ENTRIES SUPPLIED below:

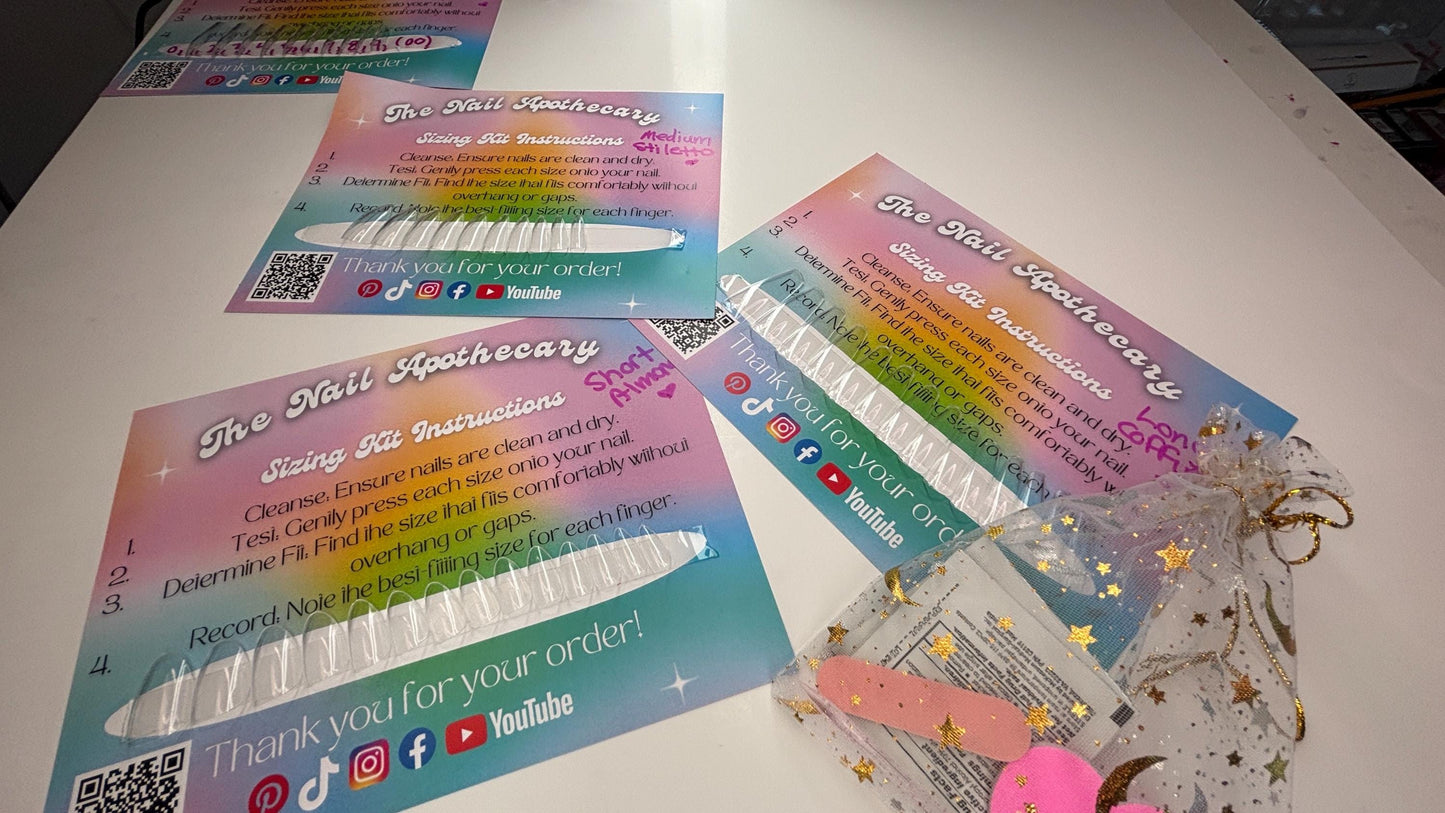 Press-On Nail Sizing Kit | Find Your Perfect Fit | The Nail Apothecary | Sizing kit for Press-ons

End of ENTRIES SUPPLIED.
ENTRIES SUPPLIED below:

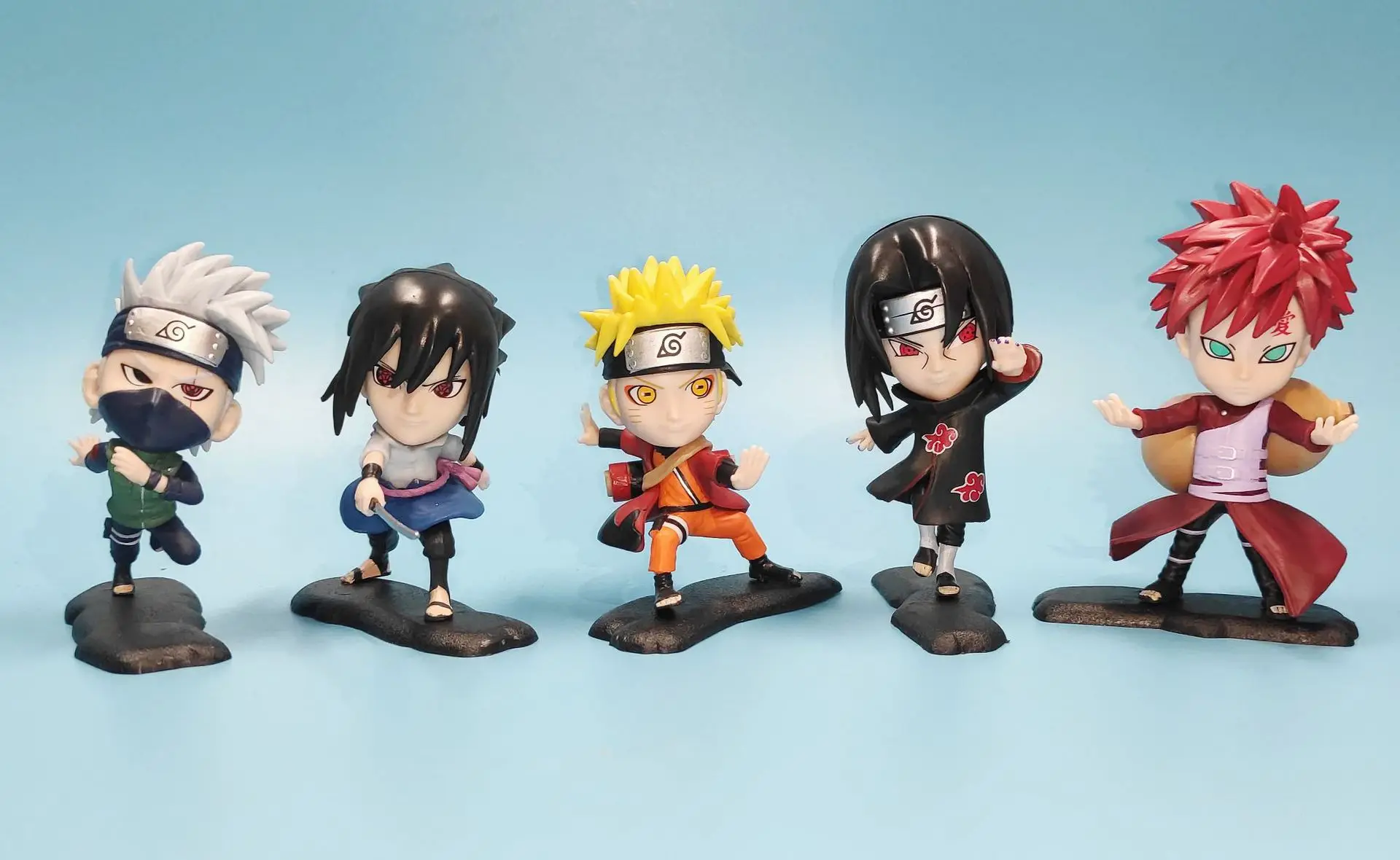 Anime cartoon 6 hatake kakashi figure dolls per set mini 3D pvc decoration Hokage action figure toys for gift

End of ENTRIES SUPPLIED.
ENTRIES SUPPLIED below:

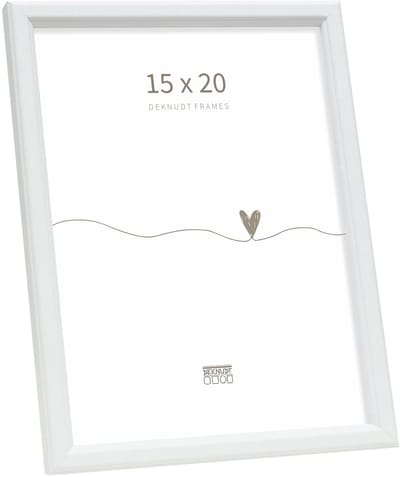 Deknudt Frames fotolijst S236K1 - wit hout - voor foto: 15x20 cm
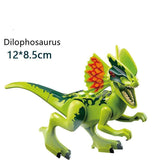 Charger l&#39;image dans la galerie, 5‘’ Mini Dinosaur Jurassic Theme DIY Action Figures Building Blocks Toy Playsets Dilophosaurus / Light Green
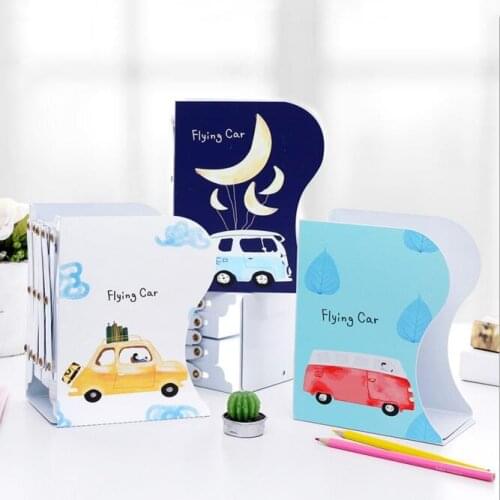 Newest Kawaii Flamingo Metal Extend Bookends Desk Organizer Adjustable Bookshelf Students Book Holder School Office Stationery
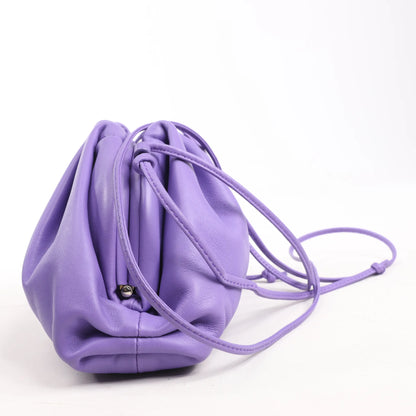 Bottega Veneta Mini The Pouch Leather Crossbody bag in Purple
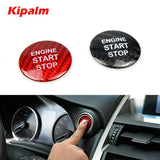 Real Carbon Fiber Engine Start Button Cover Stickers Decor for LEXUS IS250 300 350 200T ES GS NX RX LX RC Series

End of ENTRIES SUPPLIED.

PROBLEM STATEMENT: Work from the entries above. Set down exactly and only the lines from the line with "Newest Kawaii Flamingo" to the line with "Real Carbon Fiber", both included, and leave the pictures out.

EXERCISE RESULT:
 Newest Kawaii Flamingo Metal Extend Bookends Desk Organizer Adjustable Bookshelf Students Book Holder School Office Stationery
 Bottega Veneta Mini The Pouch Leather Crossbody bag in Purple
 Real Carbon Fiber Engine Start Button Cover Stickers Decor for LEXUS IS250 300 350 200T ES GS NX RX LX RC Series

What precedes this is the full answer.